Paradigm, Paradigm, Paradigm! I cannot say enough good things about it. This week has been the absolute bomb. This SEMESTER has been the absolute bomb. No busy work, fantastic friends, vivacious teachers... I think I'm in love. (I'm such a nerd. :B) Today was a random day where the administration threw us a barbecue and then cut us loose to do whatever we dang well pleased. I was rather psyched. I went upstairs into the math room to play "Signs" and the keys game with a bunch of friends and Mr. Rogers. It was some good, good times.
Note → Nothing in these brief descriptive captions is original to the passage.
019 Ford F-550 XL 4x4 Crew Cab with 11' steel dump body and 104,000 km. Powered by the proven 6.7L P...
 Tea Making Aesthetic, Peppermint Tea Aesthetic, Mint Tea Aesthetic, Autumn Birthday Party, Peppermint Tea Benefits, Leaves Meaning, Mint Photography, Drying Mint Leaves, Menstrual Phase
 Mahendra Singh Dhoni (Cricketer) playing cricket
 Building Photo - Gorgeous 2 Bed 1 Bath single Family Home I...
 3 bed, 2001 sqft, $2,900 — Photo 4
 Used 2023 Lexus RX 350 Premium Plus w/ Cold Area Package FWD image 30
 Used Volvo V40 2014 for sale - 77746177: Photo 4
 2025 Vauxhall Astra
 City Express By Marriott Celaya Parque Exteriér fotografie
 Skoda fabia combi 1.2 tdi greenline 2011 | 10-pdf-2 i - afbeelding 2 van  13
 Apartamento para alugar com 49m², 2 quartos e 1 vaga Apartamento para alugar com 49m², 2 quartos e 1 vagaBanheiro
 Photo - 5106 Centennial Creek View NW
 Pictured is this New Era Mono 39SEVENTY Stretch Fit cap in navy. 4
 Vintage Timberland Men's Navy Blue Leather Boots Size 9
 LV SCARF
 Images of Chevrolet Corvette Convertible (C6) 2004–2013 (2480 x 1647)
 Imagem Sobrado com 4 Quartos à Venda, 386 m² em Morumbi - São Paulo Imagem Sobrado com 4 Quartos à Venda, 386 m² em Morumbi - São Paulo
Also, it's Feast and Ball next week! Huzzzzzzah! For all you who don't know, Feast and Ball is the Paradigm equivalent to prom. Only cooler. A) You don't have to take anyone to be cool. My walloping group of friends and I are all going together without the awkwardness of dates. B) We get full run of the Thanksgiving Point gardens for all hours of the night. C) It's only $50 for dinner, activity, and dancing. I think that's a pretty positive point. D) You have to be wearing a modest dress or you aren't allowed in.

And E) I am making (my mum is, actually) a Jane Austen style dress and will not be persecuted for wearing it. My friends think it's super cool, especially since it's going to be made out of WalMart curtains. It's pretty, reasonably priced, and very Austenesque. I will post a picture of it (along with my crazy F & B group) later.

Ah, yes. Sabrina. I don't know how many of you actually watch that show, but it's hilarious. Smarty-pants aunt, laid-back-teenageish aunt, sarcastic talking cat, funny protagonist, evil cheerleader nemesis. It's got everything!